Sometimes a counterintelligence investigation can lead to criminal charges. Michael Flynn’s lies about his communications with the Russian ambassador were indeed criminal—he pleaded guilty to charges of lying to the FBI—but, as the Wednesday hearing underscored, they also posed a counterintelligence threat. The Russians obviously knew that Flynn had lied, and that left the president’s top national security aide exposed to blackmail by a hostile foreign power. This deeply worried Justice Department officials in the early days of the Trump administration, but the president was less concerned. Even though the White House was informed of Flynn’s potential problem by acting Attorney General Sally Yates just days after the inauguration, it took another 18 days for Trump to fire his national security advisor.

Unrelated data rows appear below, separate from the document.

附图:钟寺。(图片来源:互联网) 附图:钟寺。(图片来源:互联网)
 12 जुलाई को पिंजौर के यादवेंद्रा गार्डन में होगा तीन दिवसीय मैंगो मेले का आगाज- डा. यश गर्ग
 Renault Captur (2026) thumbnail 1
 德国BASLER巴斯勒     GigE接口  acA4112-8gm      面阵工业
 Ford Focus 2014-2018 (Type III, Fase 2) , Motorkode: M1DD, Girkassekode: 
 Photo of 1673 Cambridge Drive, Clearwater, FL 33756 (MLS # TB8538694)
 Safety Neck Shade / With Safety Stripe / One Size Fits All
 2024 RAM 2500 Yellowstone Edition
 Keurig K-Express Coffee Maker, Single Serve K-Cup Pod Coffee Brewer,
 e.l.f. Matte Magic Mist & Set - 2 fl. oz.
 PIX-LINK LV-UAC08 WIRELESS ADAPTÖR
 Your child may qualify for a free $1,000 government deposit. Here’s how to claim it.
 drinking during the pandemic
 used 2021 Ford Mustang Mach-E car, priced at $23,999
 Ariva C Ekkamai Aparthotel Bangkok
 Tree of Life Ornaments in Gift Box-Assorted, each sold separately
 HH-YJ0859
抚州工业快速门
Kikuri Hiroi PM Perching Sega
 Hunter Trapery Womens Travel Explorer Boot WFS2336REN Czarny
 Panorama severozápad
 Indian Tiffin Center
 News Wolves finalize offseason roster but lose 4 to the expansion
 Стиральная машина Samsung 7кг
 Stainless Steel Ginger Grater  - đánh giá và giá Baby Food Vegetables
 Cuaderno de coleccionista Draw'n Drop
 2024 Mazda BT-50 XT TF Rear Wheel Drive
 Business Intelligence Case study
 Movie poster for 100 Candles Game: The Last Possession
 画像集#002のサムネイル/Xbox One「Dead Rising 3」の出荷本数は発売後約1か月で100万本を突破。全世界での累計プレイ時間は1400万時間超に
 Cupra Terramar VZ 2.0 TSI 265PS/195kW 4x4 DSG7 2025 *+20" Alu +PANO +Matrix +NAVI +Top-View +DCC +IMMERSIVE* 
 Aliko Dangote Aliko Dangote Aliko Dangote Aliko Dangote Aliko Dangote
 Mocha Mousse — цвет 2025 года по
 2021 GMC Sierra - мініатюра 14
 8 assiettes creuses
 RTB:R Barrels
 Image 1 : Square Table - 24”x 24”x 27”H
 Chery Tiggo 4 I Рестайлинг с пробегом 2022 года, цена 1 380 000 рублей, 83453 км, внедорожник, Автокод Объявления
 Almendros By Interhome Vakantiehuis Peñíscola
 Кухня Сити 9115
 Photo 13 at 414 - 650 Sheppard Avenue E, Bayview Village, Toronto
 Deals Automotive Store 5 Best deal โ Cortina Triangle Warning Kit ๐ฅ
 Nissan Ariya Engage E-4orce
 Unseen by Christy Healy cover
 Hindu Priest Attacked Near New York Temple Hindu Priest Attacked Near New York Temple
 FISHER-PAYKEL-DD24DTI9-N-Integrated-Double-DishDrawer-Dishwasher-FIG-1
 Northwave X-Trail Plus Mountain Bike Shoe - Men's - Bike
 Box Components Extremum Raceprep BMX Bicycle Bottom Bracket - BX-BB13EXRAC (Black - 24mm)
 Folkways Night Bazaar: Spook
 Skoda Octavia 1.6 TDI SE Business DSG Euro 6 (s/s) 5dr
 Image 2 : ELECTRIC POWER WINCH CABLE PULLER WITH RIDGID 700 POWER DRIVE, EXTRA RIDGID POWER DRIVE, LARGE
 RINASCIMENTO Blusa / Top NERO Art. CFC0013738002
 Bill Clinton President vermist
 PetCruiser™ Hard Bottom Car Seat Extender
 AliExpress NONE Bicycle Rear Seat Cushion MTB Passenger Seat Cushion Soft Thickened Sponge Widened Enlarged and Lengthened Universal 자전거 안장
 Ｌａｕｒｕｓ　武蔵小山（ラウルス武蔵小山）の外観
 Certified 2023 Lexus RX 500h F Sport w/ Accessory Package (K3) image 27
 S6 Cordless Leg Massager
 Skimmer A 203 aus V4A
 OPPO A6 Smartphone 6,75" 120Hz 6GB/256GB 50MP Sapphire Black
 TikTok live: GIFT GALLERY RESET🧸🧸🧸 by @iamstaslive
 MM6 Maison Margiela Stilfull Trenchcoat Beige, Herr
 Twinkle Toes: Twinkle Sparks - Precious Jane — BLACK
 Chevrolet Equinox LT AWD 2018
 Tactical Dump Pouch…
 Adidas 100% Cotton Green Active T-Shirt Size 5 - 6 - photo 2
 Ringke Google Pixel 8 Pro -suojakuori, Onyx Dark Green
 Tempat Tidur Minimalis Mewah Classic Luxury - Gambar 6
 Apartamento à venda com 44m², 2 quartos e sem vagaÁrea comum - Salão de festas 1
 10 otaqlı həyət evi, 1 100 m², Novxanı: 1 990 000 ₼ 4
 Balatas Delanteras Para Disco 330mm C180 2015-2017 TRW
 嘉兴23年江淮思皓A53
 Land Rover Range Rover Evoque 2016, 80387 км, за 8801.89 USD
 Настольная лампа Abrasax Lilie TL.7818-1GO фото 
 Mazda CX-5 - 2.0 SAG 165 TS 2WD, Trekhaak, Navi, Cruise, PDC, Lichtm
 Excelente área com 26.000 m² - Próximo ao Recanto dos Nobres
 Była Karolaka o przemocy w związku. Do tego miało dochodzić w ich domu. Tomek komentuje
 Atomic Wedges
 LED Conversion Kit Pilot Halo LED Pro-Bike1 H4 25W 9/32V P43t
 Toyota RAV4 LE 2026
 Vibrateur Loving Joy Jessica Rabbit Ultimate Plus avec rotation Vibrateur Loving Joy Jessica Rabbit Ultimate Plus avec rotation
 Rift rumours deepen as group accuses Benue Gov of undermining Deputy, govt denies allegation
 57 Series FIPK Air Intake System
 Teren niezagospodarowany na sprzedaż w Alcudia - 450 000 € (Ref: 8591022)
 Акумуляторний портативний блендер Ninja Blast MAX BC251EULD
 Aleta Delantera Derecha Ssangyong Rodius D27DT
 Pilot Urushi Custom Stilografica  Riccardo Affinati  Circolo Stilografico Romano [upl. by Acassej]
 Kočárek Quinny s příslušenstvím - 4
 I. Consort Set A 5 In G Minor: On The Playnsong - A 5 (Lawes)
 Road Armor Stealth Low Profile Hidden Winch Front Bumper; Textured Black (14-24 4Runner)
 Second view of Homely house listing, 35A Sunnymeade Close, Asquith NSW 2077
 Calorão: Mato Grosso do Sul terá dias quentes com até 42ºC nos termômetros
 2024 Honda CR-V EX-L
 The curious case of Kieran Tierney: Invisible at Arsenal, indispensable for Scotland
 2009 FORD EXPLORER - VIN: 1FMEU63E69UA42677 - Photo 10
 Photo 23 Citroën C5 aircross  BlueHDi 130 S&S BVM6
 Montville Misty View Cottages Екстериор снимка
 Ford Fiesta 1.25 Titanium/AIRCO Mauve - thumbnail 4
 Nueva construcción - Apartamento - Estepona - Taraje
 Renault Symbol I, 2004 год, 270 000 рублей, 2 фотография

In response to another question by Krishnamoorthi, Mueller said that the goal of the counterintelligence investigation was “secondary” to his criminal investigation. In other words, Mueller saw his main job as investigating President Trump and his campaign—and prosecuting some of its members. The criminal probe is the focus of his 448-page report—counterintelligence is hardly mentioned.

This is the missing volume in the special counsel’s report. While Mueller may not have found enough evidence to support criminal charges over the Trump campaign’s ties to the Russian government, there is little doubt that the president’s behavior toward Russia and its leader, Vladimir Putin, poses a threat to national security. A criminal president is obviously a threat to the nation, but so is a president who can’t or won’t respond to the ongoing threat of foreign interference.

Mueller said Wednesday that Russia’s efforts to interfere in U.S. elections were occurring “as we sit here,” and he almost seemed to regret that the danger posed by Russia wasn’t more strongly emphasized in his report. “Over the course of my career, I’ve seen a number of challenges to our democracy,” Mueller said. “The Russian government’s effort to interfere in our election is among the most serious.”

Mueller warned that during the coming presidential election, the U.S. would face an even bigger threat than the one he investigated. “Many more countries are developing the capability to replicate what the Russians have done,” he said.

“This deserves the attention of every American,” said Mueller, reiterating a plea from his brief May 29 press conference.

But attention will not likely come from Trump. During last month’s G20 summit in Osaka, Japan, the president treated the threat to the 2020 election as an opportunity to further bond with his Russian counterpart. Responding to a reporter’s question, Trump playfully pointed his finger at Putin and said, “Don’t meddle in the election.” Putin just laughed.